Interessant is de aandacht die Goss wijdt aan de opleidingsmogelijkheden voor de Indonesische elite, welke groep naderhand een belangrijke rol zou spelen in het onafhankelijke Indonesië. Het patroon van de westerse wetenschappers uit de negentiende eeuw herhaalt zich dan als het ware: de koloniale overheid had weinig op met bevlogen intellectuelen. Ook de eerste generaties Indonesische studenten werden op nuchtere landbouwscholen gevormd tot functionele wetenschappelijke ambtenaren. Na de onafhankelijkheid nam de Indonesische overheid wat dat betreft het stokje van de koloniale machthebbers over, zo lijkt het. De meest succesvolle Indonesische wetenschappers zaten vooral achter hun bureaus, gelijk hun koloniale voorgangers. De natuurwetenschappen waren én bleven ook in de tweede helft van de twintigste eeuw stevig ingekapseld in de alomtegenwoordige staat. Volgens Goss is dat de belangrijkste verklaring voor de teleurstellende prestaties van de Indonesische wetenschap, vergeleken met bijvoorbeeld die van het vroeger Britse India.

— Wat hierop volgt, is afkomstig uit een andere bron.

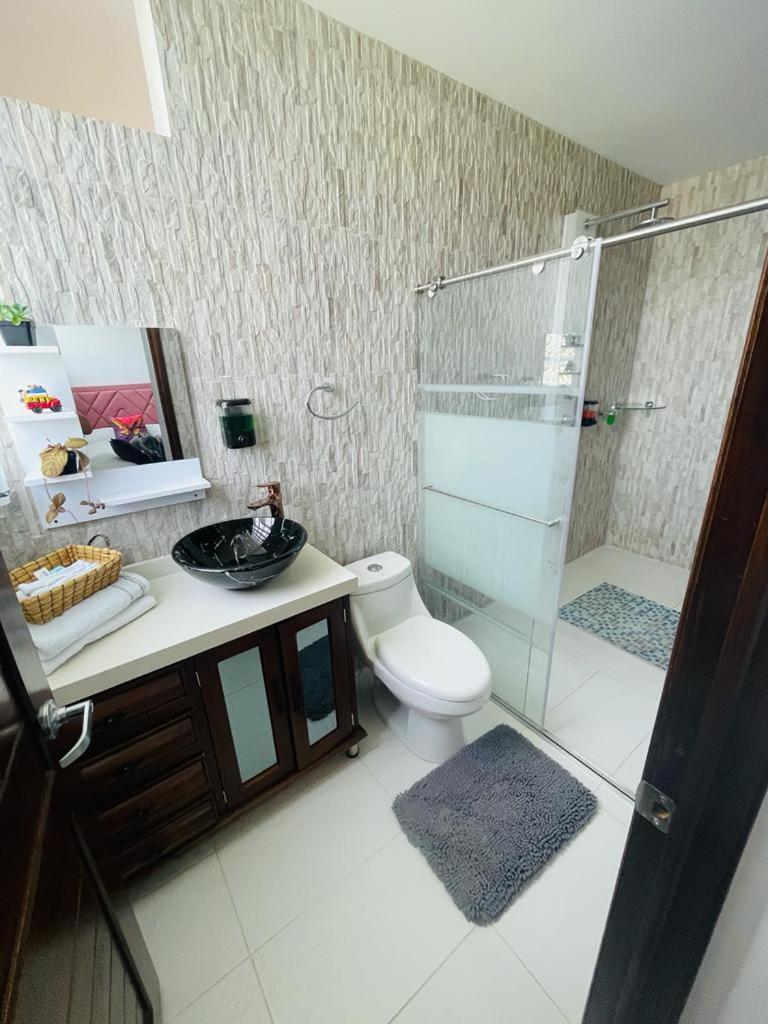 Quadruple Room with Private Bathroom photo 2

Goss geeft een boeiend betoog, dat op subtiele wijze tekent hoe de natuurwetenschappen konden functioneren in een (post)koloniale context. Enigszins onderbelicht blijft de positie van het Indische koloniale bedrijfsleven, dat een belangrijke rol speelde bij de financiering van het onderzoek aan het Departement van Landbouw, maar ook tal van eigen landbouwproefstations stichtte. Het ‘State-sponsored’ in de ondertitel gold allerminst alle wetenschap in Indië. Goss’ studie roept bovendien om vergelijking met de situatie in andere koloniën, zoals Brits-Indië. Tegelijk toont zij aan dat hier nog een breed en interessant onderzoeksgebied voor wetenschapshistorici ligt.
Dit mooie boek is goed verzorgd en, nog belangrijker, heel prettig leesbaar. Wat mij betreft verplichte, tevens smakelijke kost voor iedere historicus met interesse voor Indonesië!